The Wachowski Brothers and Tom Tykwer’s adaptation of David Mitchell’s novel “Cloud Atlas” deserves to be seen for its chutzpah and ambition alone, regardless that its various elements do not always add up.
The film is a multi-story hybrid of historical piece, paranoid thriller and science fiction spectacle that uses a handful of actors playing roles in each segment. It’s often wondrous to watch, even when several of its stories leave you shaking or scratching your head.
In one tale, a young man whose father-in-law makes his money in the slave trade comes into contact with a stowaway on a ship and, in another, a pianist attempts to write a piece of classical music that gives the film its title.
Then, in the 1970s, Halle Berry plays a reporter investigating a cover-up, while Jim Broadbent plays a publisher in 2012 who ends up becoming trapped in a nursing home.
The film includes two futuristic stories – one in which a young Japanese woman leads a revolution and another in which Tom Hanks and Berry navigate a post-apocalyptic wasteland.
Some of the stories work well – Broadbent’s nursing home escapade, which includes a daring escape attempt, is entertaining throughout, while the 1970’s paranoid thriller with Berry as a reporter is exciting.
I thought the two futuristic stories were the weakest links in the chain, especially the post-apocalyptic one in which Hanks and Berry are forced to speak in some form of Pidgin English.
But the film deserves praise for its daring.
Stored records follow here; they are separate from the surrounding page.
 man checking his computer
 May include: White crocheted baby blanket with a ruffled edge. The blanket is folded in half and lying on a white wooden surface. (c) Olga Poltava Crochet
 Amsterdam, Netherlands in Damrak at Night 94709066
The movie was obviously expensive to make and it aims significantly higher than most studio films of this type. There are ideas actually at play here, regardless of whether they all come together in a completely successful manner.
Even if I can’t exactly explain “Cloud Atlas,” I’d still recommend it.
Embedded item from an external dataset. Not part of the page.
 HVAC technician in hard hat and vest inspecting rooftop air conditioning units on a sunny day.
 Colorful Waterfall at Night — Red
“The Loneliest Planet” is even more opaque. The film, which received some praise at the 2011 Toronto Film Festival, has long stretches in which no dialogue is spoken, relying instead on the looks passed between its cast of three.
In the film, a soon-to-be-married couple (Gael Garcia Bernal and Hani Furstenberg) hires a guide (Bidzina Gujabidze) to take them on a trek through the mountains of Georgia (the country). Much of the film finds the hikers in the distance as Georgia’s vast terrain engulfs them.
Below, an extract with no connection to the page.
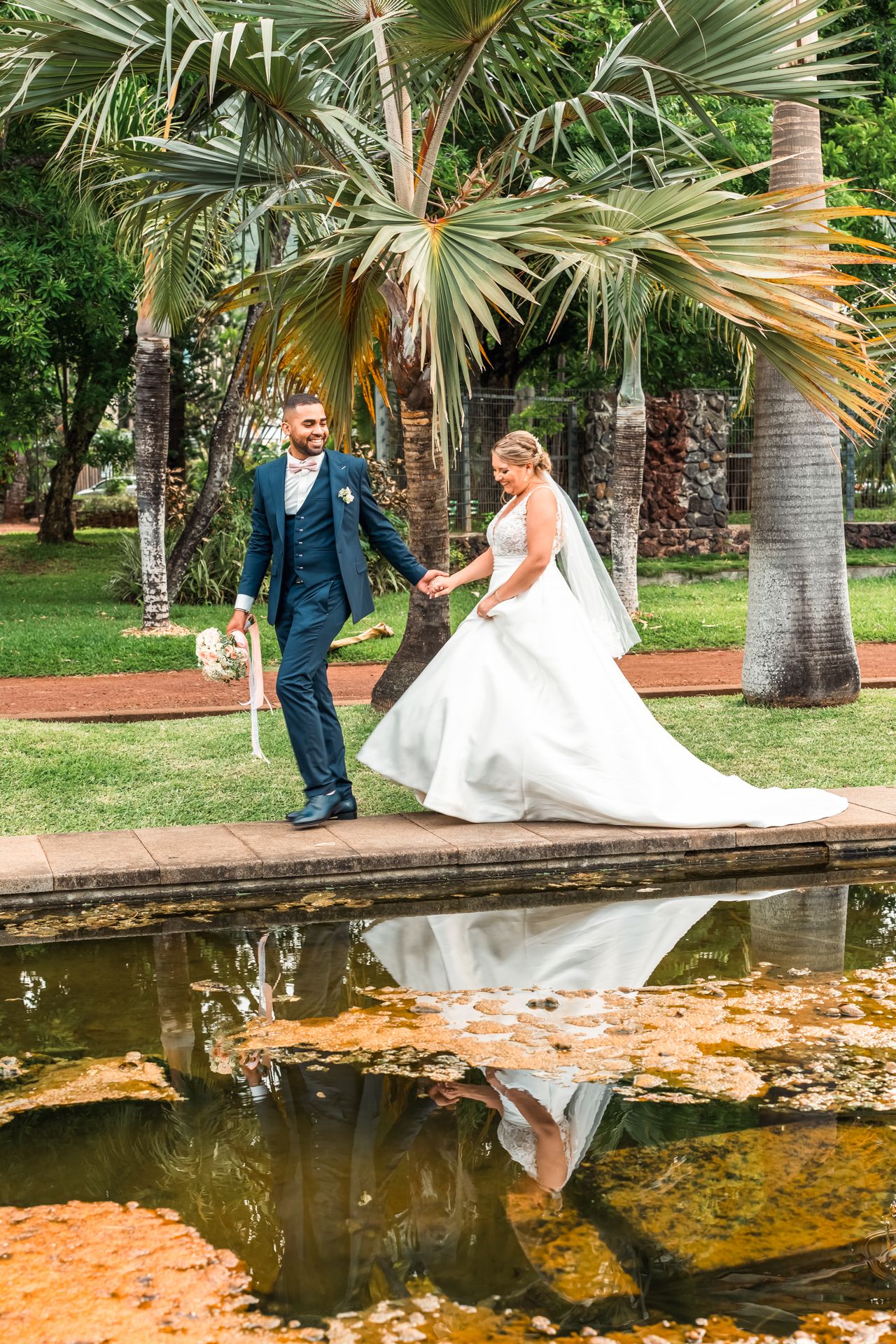 A newlywed couple strolling along a reflective pond surrounded by tropical palm trees in a lush garden setting.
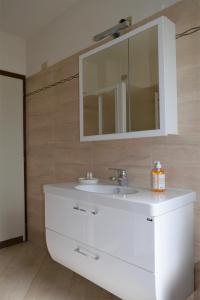 a bathroom with a white sink and a mirror at Il Roseto Mountain Lake Iseo Hospitality in Bossico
The film’s best moments are in its first half as the couple bonds with their guide. But an incident with some local villagers causes a rift between the couple. It’s an intense scene, but what follows drags the film nearly to a halt.
I rarely complain about a film’s length and many of my favorite pictures – some very slow ones included – are long. At nearly two hours, “The Loneliest Planet” feels about 30 minutes too long.
“Chasing Mavericks” is the weekend’s most straightforward film and, in some respects, the least of the bunch.
The picture follows the true story of Jay Moriarty (Jonny Weston), a young surfer who vows to ride a massive wave known as Mavericks. He enlists the help of a grouchy old surfer named Frosty (Gerard Butler), who agrees to show him the ropes.
The usual sports drama tropes can all be found here. My favorite is Jay – during childhood - meeting his nemesis, a young hoodlum who whacks car windows with a baseball bat. We cut to seven years later and the hoodlum is still walking around with that bat.
There’s also some drama with a young love interest, a heavy drinking mother and a not-in-the-picture father. The picture is good natured, but I feel I've seen this same story numerous times.
“Mavericks” is somewhere in the middle for sports movies of this type. It’s definitely better than “Blue Crush” or the disappointing “Lords of Dogtown,” but it’s got nothing on “The Endless Summer.”
"The Loneliest Planet" is playing at the IFC Center.